Compliance officers will be obliged to follow very specific procedures when handling personal data particularly as it pertains to issues of whistleblowing.
Modern working conditions rely heavily on digitally displayed workflows which produce huge amounts of data, forcing compliance officers, following the regulation, to handle and control European citizens’ personal data to prevent abuses.

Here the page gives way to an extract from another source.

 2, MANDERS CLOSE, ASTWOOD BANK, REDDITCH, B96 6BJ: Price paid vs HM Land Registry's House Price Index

Under GDPR organizations in breach of GDPR can be fined up to 4% of annual global turnover or €20 Million (whichever is greater). This is the maximum fine that can be imposed for the most serious infringements e.g. not having sufficient customer consent to process data or violating the core of Privacy by Design concepts. There is a tiered approach to fines e.g. a company can be fined 2% for not having their records in order (article 28), not notifying the supervising authority and data subject about a breach or not conducting impact assessment. It is important to note that these rules apply to both controllers and processors -- meaning 'clouds' will not be exempt from GDPR enforcement.
Right to be forgotten
Also known as Data Erasure, the right to be forgotten entitles the data subject to have the data controller erase his/her personal data, cease further dissemination of the data, and potentially have third parties halt processing of the data. The conditions for erasure, as outlined in article 17, include the data no longer being relevant to original purposes for processing, or a data subjects withdrawing consent. In contrast to an email or telephone reporting process, a digital system can meet such requirements in a relatively easy and structured manner.

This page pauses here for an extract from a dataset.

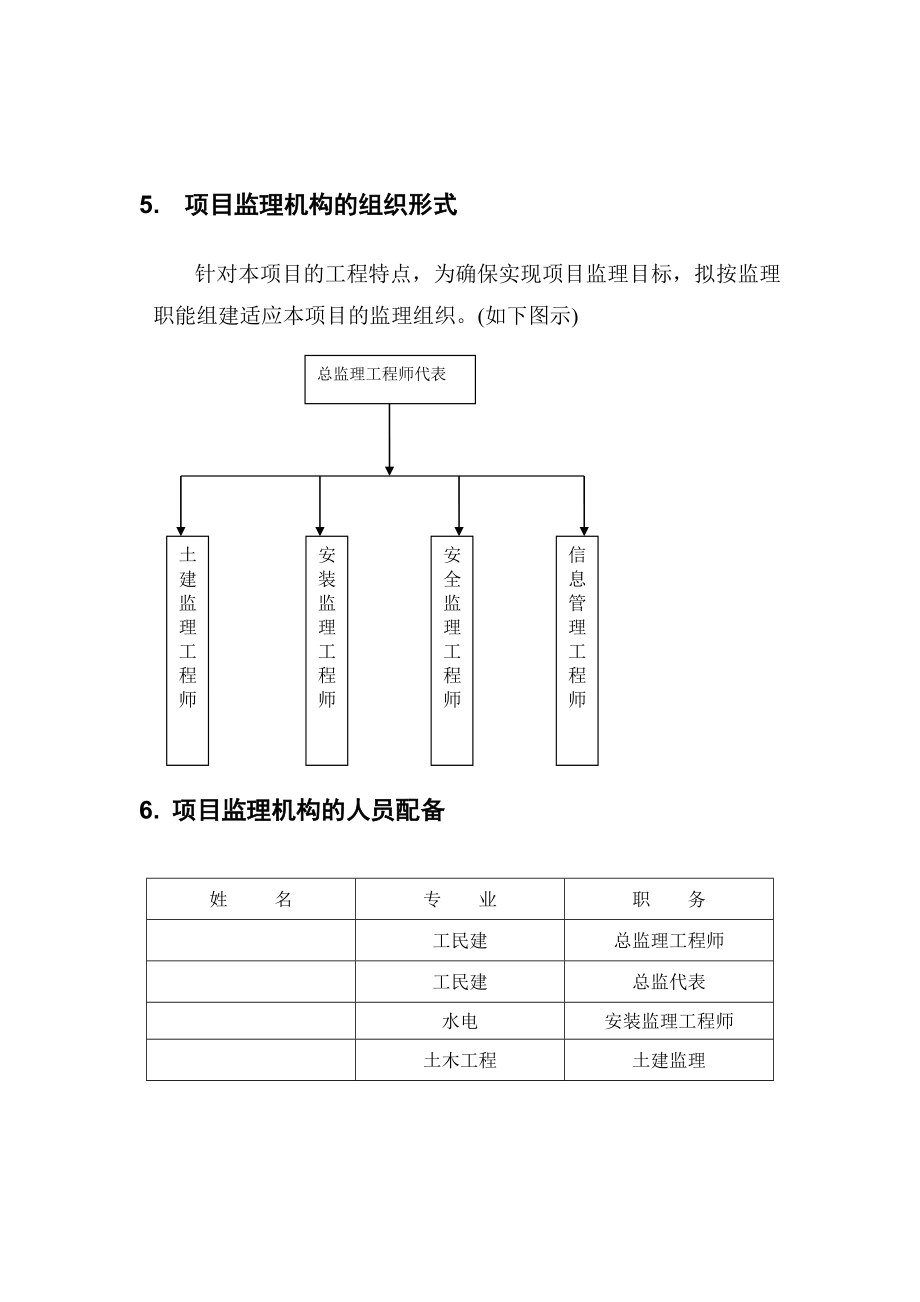 某项目房屋建筑监理规划_第4页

The conditions for consent have been strengthened, and companies will no longer be able to use long illegible terms and conditions full of legalese, as the request for consent must be given in an intelligible and easily accessible form, with the purpose for data processing attached to that consent. It must be as easy to withdraw consent as it is to give it.. In view of the new requirements, a whistleblowing system will have to verify such confirmation processes during the reporting period while keeping in mind any additional national or organizational regulations.

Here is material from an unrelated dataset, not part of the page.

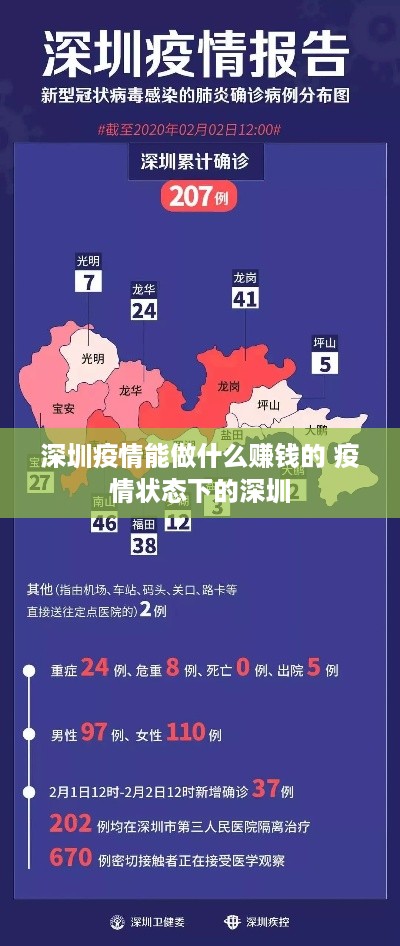 深圳疫情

Under the GDPR, breach notification will become mandatory in all member states where a data breach is likely to “result in a risk for the rights and freedoms of individuals”. This must be done within 72 hours of first having become aware of the breach. Data processors will also be required to notify their customers, the controllers, “without undue delay” after first becoming aware of a data breach. Working on sensitive matters following whistleblowing information requires a specific form of transparency.
Internal structure -Privacy by Design
GDPR challenges organizations' internal structures related to information security for the purpose of protecting personal data and complying with various data privacy requirements. This affects ‘…implement appropriate technical and organizational measures … ‘(Article 23) in order to meet the requirements of e. g. limited access to personal data, storage of data, required Data Protection Officer, encrypted transactions of personal data…etc.
A whistleblowing system needs to respect the principles of privacy and security to gain a potential whistleblower's trust and ensure confidentiality. The use of encryption technology, granular permission management or measures to assure a reporter's anonymity are integral requirements of a compliant whistleblowing system.
The management of whistleblowing cases requires an appropriate corporate culture which reflects the organization’s intention to handle personal data and whistleblowing reports confidentially and with the utmost security.
The implementation of GDPR may seem like a lot of work, particularly for smaller and mid-sized companies. But with respect to the topic of whistleblowing, it will be worth it.
Whistleblowers will feel much safer, knowing their data is protected and under stricter regulation. GDPR will foster a whistleblowing culture around the globe.